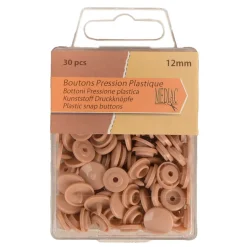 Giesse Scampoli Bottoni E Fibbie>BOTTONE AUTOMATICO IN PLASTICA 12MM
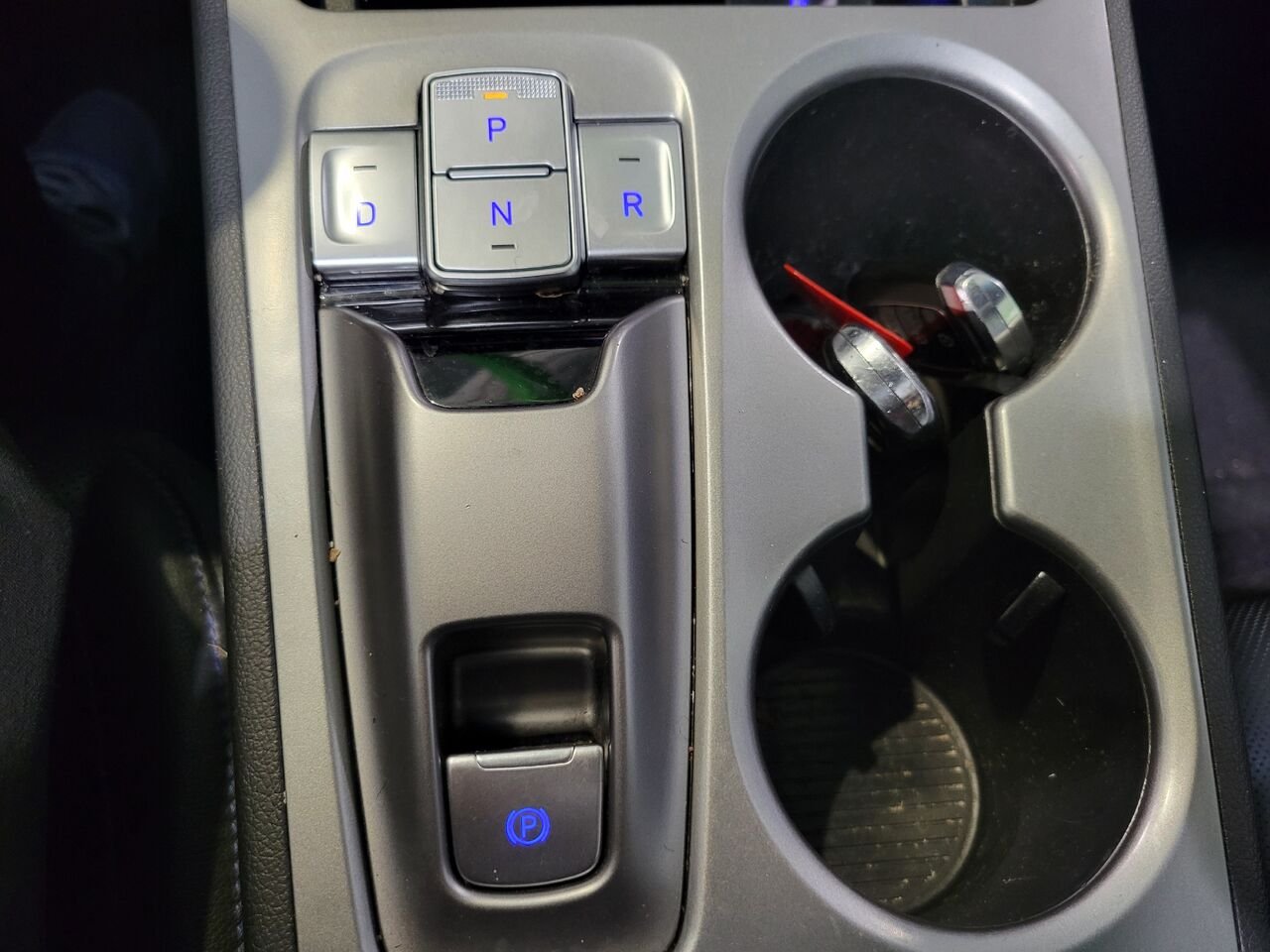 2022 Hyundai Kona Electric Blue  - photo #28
-------
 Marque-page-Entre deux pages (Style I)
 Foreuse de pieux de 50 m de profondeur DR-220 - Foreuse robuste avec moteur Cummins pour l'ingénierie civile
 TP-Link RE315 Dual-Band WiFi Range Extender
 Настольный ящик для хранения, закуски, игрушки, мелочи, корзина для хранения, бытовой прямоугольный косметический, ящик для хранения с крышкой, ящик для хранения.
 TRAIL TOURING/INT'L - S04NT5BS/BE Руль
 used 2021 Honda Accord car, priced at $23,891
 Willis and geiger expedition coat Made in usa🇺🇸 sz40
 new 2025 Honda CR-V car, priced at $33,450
-------
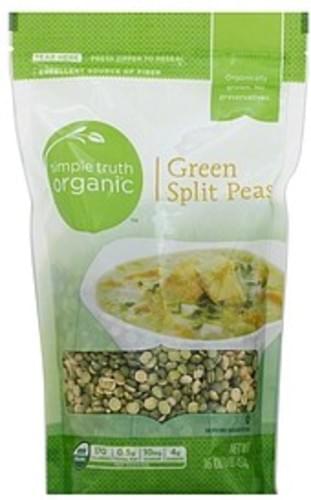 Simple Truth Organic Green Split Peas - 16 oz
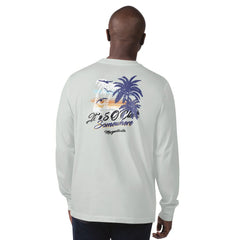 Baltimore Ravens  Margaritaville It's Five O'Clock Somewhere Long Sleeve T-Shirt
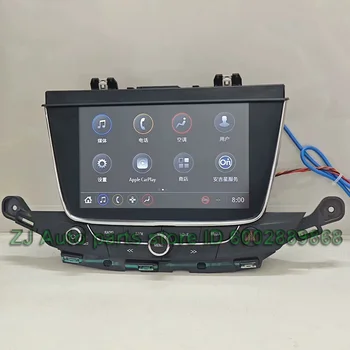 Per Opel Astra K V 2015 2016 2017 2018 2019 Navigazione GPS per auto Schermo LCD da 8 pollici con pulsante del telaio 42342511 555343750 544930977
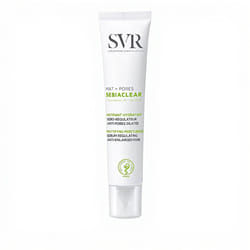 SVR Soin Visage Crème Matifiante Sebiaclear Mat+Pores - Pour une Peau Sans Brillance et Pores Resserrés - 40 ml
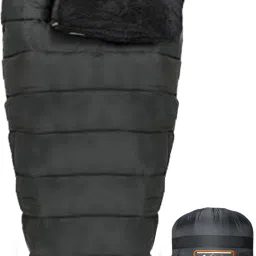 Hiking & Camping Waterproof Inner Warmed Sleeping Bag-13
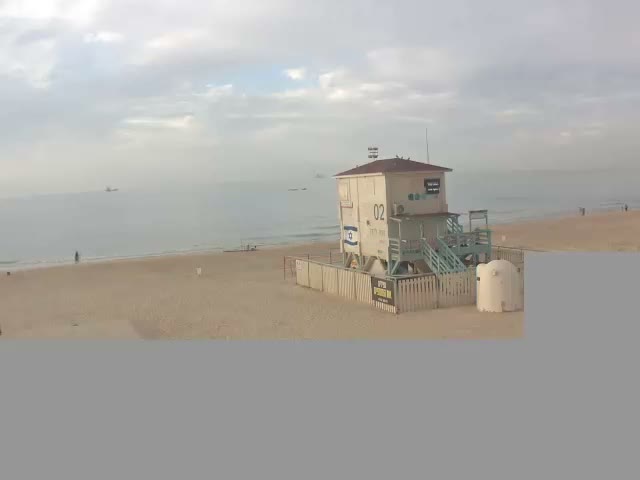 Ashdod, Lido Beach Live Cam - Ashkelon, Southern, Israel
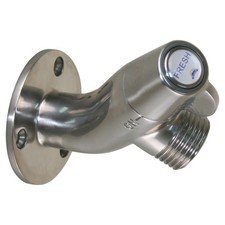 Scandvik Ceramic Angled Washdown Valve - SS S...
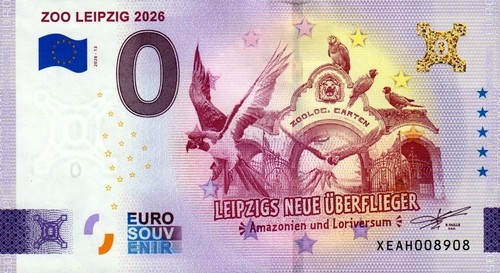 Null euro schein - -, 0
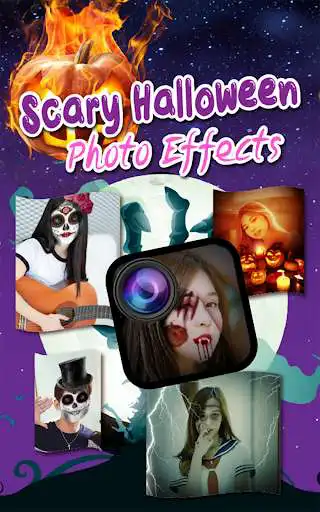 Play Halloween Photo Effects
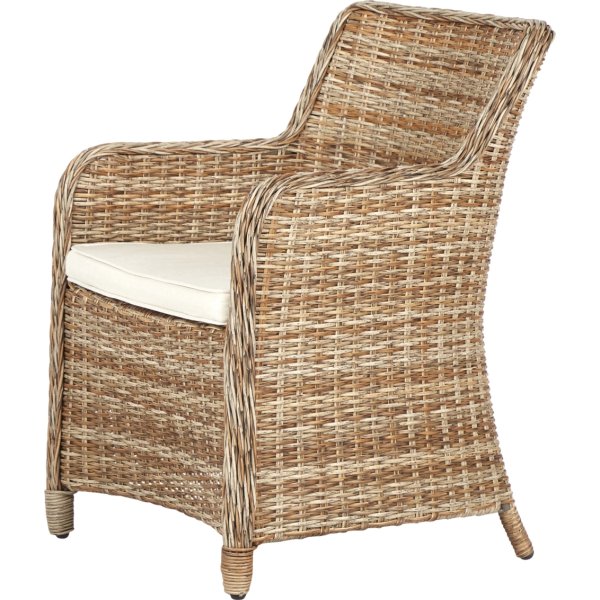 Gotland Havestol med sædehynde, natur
-------
INSTRUCTIONS FOR THE TASK: Output exactly the stretch of the listing that begins at the line containing "Giesse Scampoli Bottoni" and ends at the line containing "2022 Hyundai Kona", both kept. Omit pictures and everything else.

PROBLEM SOLUTION:
 Giesse Scampoli Bottoni E Fibbie>BOTTONE AUTOMATICO IN PLASTICA 12MM
 2022 Hyundai Kona Electric Blue  - photo #28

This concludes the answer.